The prologue opens as a man is fried alive in a car. It's murder, clear and simple. That was then, 10 years ago. The dead man is Alan Langford and the woman accused, tried and convicted of arranging his murder is his wife Donna. She's just been released from prison. But there'll be no return to the free life for Donna. Just as she's released, she gets a letter with a photo, of her supposedly dead husband.
If Alan Langford is alive, then he's looking for more than ordinary revenge. If he's dead, who's playing games with his not-so-grieving widow? DI Tom Thorne finds himself caught in a series of games within games where no one and nothing is exactly what they appear to be. This is a tough, taut thriller with enough suspense to keep you reading late into the night. If you haven't already discovered Thorne, this is the perfect place to begin this great series.
EVIL IN RETURN By Elena Forbes, Anansi, 408 pages, $21.95 (paper)
Evil In Return is the third installment in the excellent Mark Tartaglia series and it's the best to date. Forbes continues to build substantial and engaging characters and provide them with off-beat plots that have just a touch of the same sort of macabre detail that made Ruth Rendell irresistible.

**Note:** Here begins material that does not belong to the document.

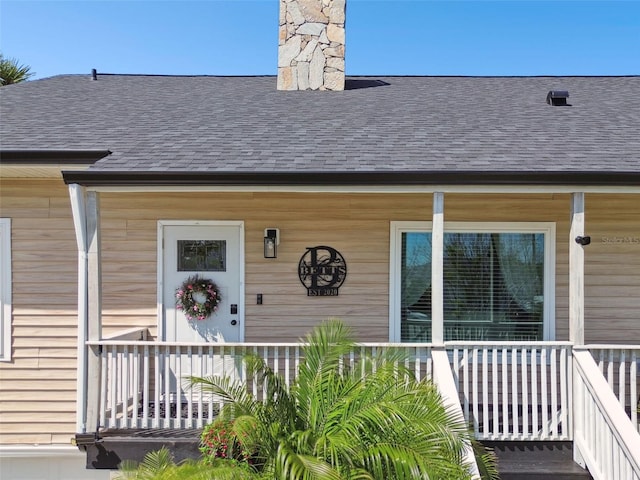 entrance to property with a porch, a shingled roof, and a chimney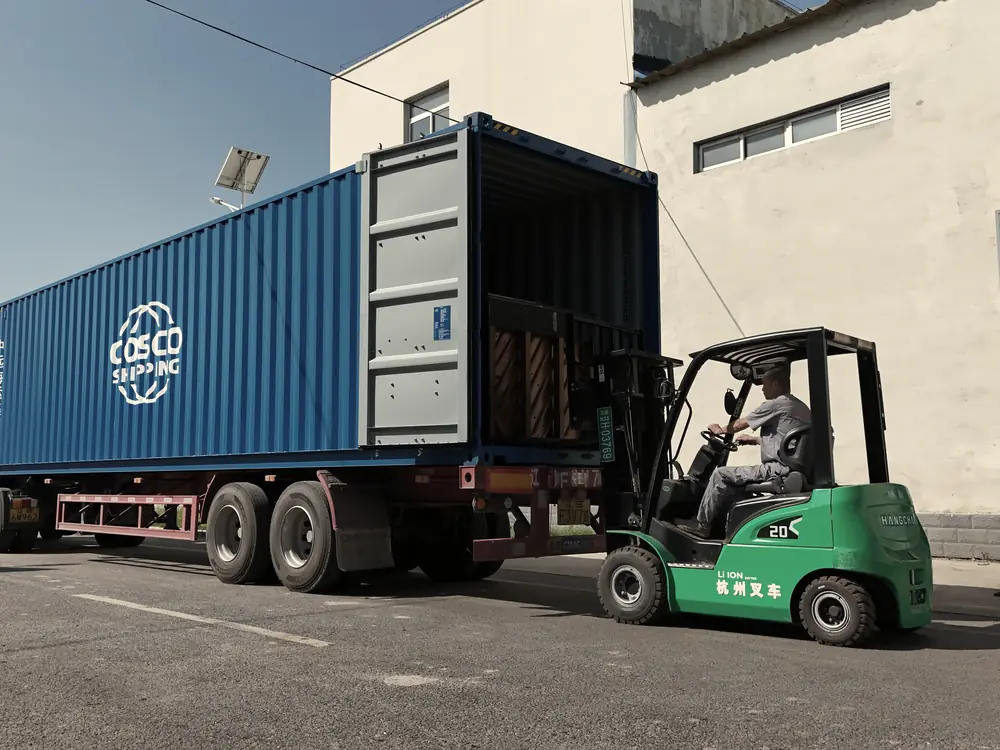 Forklift loading pianos into a shipping container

Evil In Return begins with a dead body and a heat wave. Joe Logan was a teacher who turned into a best-selling author. His first novel is a runaway success and he's living on a boat in a London canal supposedly hard at work on his second. Then he turns up dead in a crypt in the Brompton Cemetery. No doubt it's murder. He's been shot, castrated and posed. There are no clues in his current life so Tartaglia starts examining his past. That seems blameless as well but there are four old friends who know at least one reason that someone might just want Joe dead.
This superb premise (Forbes really knows how to pace a novel) leads to the investigation, which Tartaglia inadvertently compromises, and which then leads to another murder. But who is killing and why? And what do the strange e-mail messages to the victims mean? The answers lie in a long-dead past when a group of careless college boys made a terrible mistake.

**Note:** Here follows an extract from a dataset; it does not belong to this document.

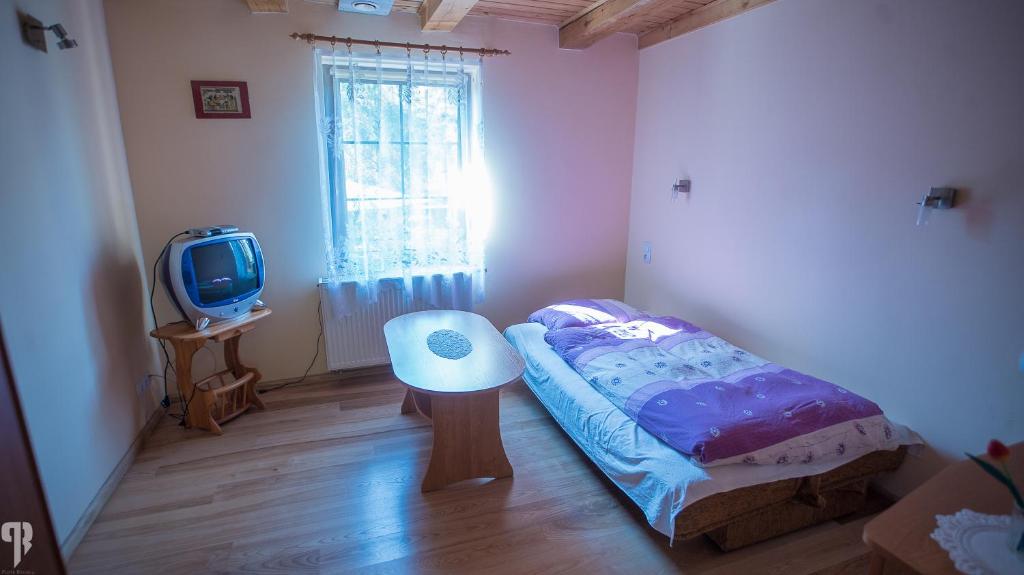Posteľ alebo postele v izbe v ubytovaní Dom nad potokiem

THE VILLA TRISTE By Lucretia Grindle, McArthur & Co., 546 pages, $24.95 (paper)
This novel has such a marvelous setting and great historical drama that it hardly needs a murder to get the action moving. Grindle takes us to Florence, on the eve of Italy's armistice with the Allied armies. Isabella and Caterina Cammacio are privileged young women for whom peace means love, marriage, the future. But the armistice doesn't end the war, it just changes the battlefield and the Cammacio sisters find themselves soldiers on the front lines.
Grindle mixes a modern murder mystery with a clever historical one and both work beautifully. Readers who have no idea of the horrors the Italian partisans (many of whom were women) suffered will find the war story riveting, but the whodunit works as well.

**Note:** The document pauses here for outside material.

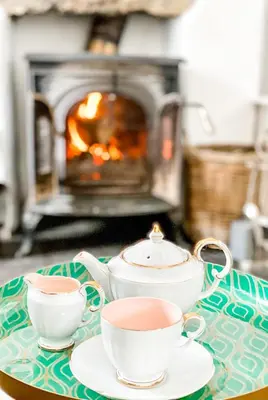 a tea set on a table with two cups and a stove at Pen Y Bont Cottage Llanuwchllyn Bala in Llanuwchllyn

SAINTS OF NEW YORK By R. J. Ellory, Orion, 488 pages, UK18.99
The corruption in the New York City police department never seems to lose its luster as plot fodder. In the hands of R. J. Ellory, that old trope shines like a diamond.
Frank Parrish is a detective, son of a legendary father, one of the original "Saints of New York" revered for clearing out the Mafia. Parrish's struggle is to live up to his father's name but stay true to himself. The result seems to be a never-ending face-off with his superiors and an Internal Affairs Investigation.
Then a routine investigation of the death of a heroin dealer leads Parrish to a vicious killer preying on the innocent. Parrish's search for a murderer takes him right to the edges of his own life where legend and truth meet and diverge. Ellory writes film-ready prose and you can really see this one as the pages turn.
THE DAMAGE DONE By Hilary Davidson, Forge, 352 pages, $29.99
Fans of the late Lyn Hamilton's lovely Lara McClintock series, rejoice! Travel journalist Hilary Davidson, a Torontonian transplanted to New York City, brings us Lily Moore and the beginning of a series that will charm and delight those who love mysteries in exotic locales.
Lily is a travel writer and, this first novel, finds her in Spain, but she has to return to NYC when her sister is found dead. Or is she? This is a most promising beginning with likeable characters, a good puzzle and an excellent sense of place. Hilary Davidson is one to watch.